Je crois qu’on a le devoir de diriger un client ou une cliente vers d’autres personnes ou entreprises si on estime qu’il ou elle ne tire plus bénéfices de nos services.

Pas seulement parce qu’un code de déontologie nous y oblige.

Mais surtout parce qu’on a vraiment à cœur l’intérêt de notre client ou de notre cliente.

Ça vous est déjà arrivé de diriger une personne cliente vers une autre ressource?

 

Réponses de professionnels de la santé 

J’ai partagé ce texte en février 2020 sur le réseau social LinkedIn. Plusieurs professionnels de la santé, de divers horizons, ont laissé un commentaire. En voici quelques-uns fort intéressants.

«Oui bien sûr ! Le professionnalisme de connaître ses limites, la maturité de reconnaître l'expertise de l'autre et la bienveillance d'accompagner son client dans la transition.» – Francis Grégoire, conseiller d’orientation

« Idem ça m'est arrivé. C'est très frustrant, mais il faut savoir le faire quand on a l'impression qu'on ne peut plus rien apporter de plus. » - Bastien Noisette, psychologue et neuropsychologue

«Je ne pourrais être plus d'accord avec vos propos. Reconnaitre nos limites demande beaucoup d'humilité. Et je crois que cette humilité n'est malheureusement pas toujours au rendez-vous. Pour ma part, il était parfois difficile de reconnaitre mes limites dans des situations qui me reflétaient par exemple certaines de mes faiblesses. Comme quoi cette humilité n'est pas toujours pleinement acquise. Je vous laisse un article de blogue que j'ai déjà écrit à ce sujet si jamais vous avez envie d'un peu de lecture!  https://www.braver.net/fr/blog/limites-professionnelles» - Marie-Lou Gagnon, physiothérapeute et cofondatrice de Braver

«Oh oui !!!! Ça m’arrive quelques fois par année... Je constate toutefois que cela surprend le client habituellement, mais il me remercie de mon honnêteté. Malheureusement encore trop d’intervenants s’acharnent et voient les clients 40-60-80 fois avant d’admettre leurs limites. » - Danielle Boivin, ergothérapeute

«Je suis heureuse de ce partage, qui n'est pas un sujet assez courant à mon goût, pour plusieurs raisons que vous connaissez sans doute. Personnellement, il m'est arrivé de rediriger un client dès la deuxième rencontre pour une toute autre raison: J'avais l'impression d'avoir un miroir devant moi, une "Mélanie 20 ans plus tôt" !! C'était dû entre autres, à une problématique personnelle vécue à cette époque et qui faisait encore aujourd'hui partie des limites que je me devais de respecter en tant que personne, mais également en tant que professionnelle. Donc, je crois qu'il ne faut surtout pas hésiter lorsqu'on a le sentiment que "quelque chose cloche" et/ou que nous ne sommes peut-être pas la personne susceptible de venir en aide à un "client X". Merci d'avoir ouvert sur le sujet, sujet que je trouve d'autant plus pertinent, car souvent "oublié", pour ne pas dire "censuré" dans nos discussions cliniques.» - Mélanie Flamand, travailleuse sociale et psychothérapeute

« Oui à quelques reprises même. Car, effectivement, nous ne pouvons pas tous porter notre clientèle à bon port. Puisque nous avons nous-même nos propres limites de connaissances et d'expérience (...).

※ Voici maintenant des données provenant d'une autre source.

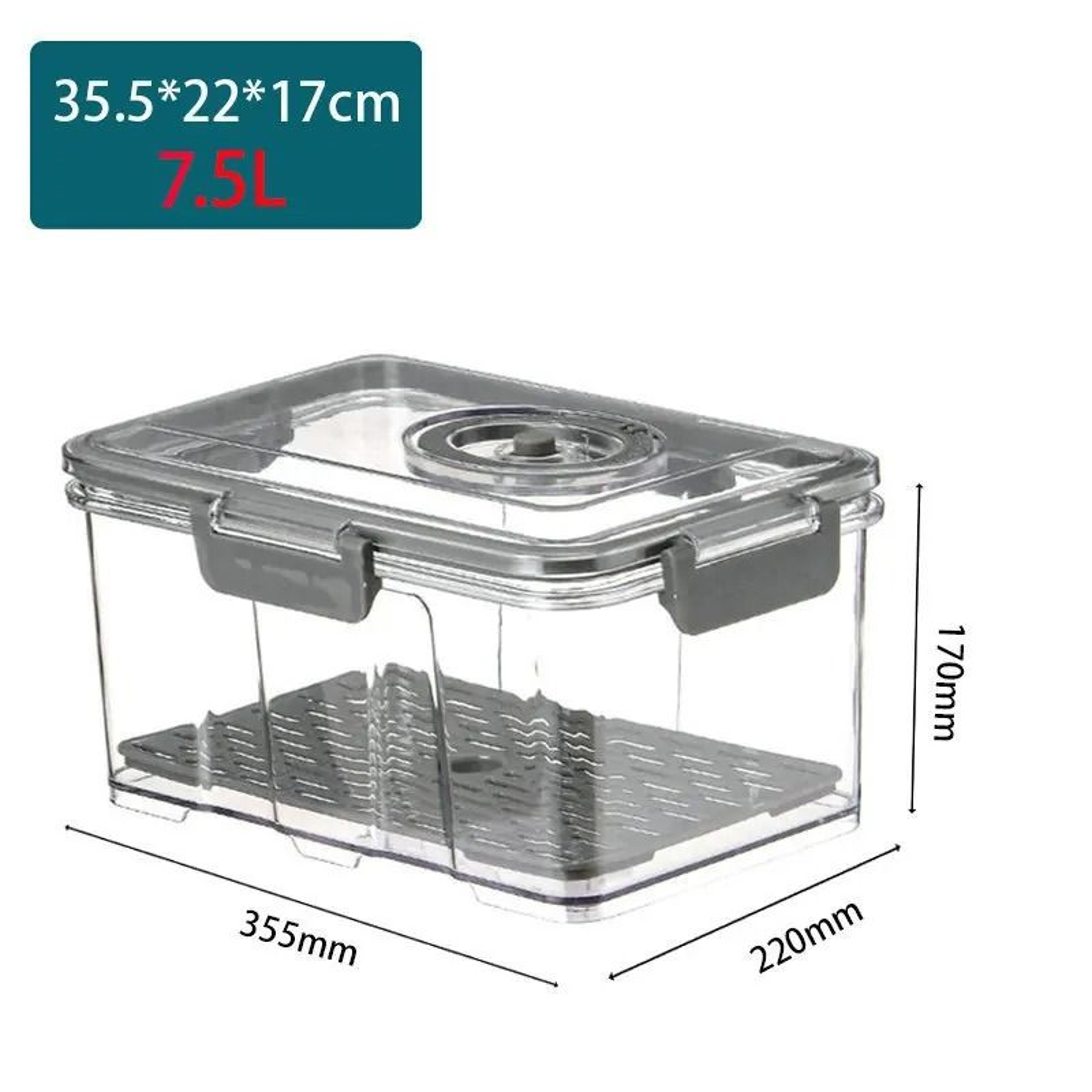 Vacuum Food Storage Container With Removable Drain Net 17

Si vous me permettez, il y a un autre point également qu'il est aussi important et impératif dans notre profession... l'humilité de se reconnaître en tant qu'humain avec nos forces.... et limites.

J'entends quelques fois, heureusement pas souvent, des thérapeutes dire que le client ou cliente ne s'engage pas ou s'est désengagé suite à une absence ou stagnation de cheminement.

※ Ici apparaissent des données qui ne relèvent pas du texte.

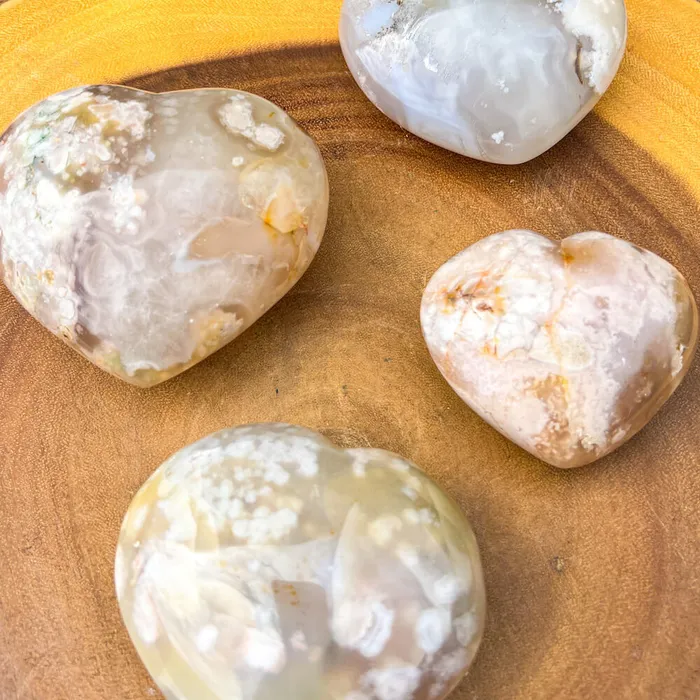 Necklaces Magic Crystals Natural Cherry Blossom Flower Agate Heart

À ce propos ou ligne de pensée, moi je me pose plutôt cette question. Comment pourrais-je me prendre autrement pour qu'il ou qu’elle puisse adhérer à sa propre thérapie ? » - Rémi Desgagné, travailleur social

 

Merci à ces professionnels qui m’ont autorisé à partager leur commentaire!

 

En conclusion 

En résumé, être professionnel, c’est avoir la capacité de reconnaitre ses limites et de penser au meilleur intérêt du client. Cela peut impliquer de passer le flambeau à un autre intervenant. Plusieurs professionnels de la santé adhèrent à cette perspective. Cela me réjouit. Et vous?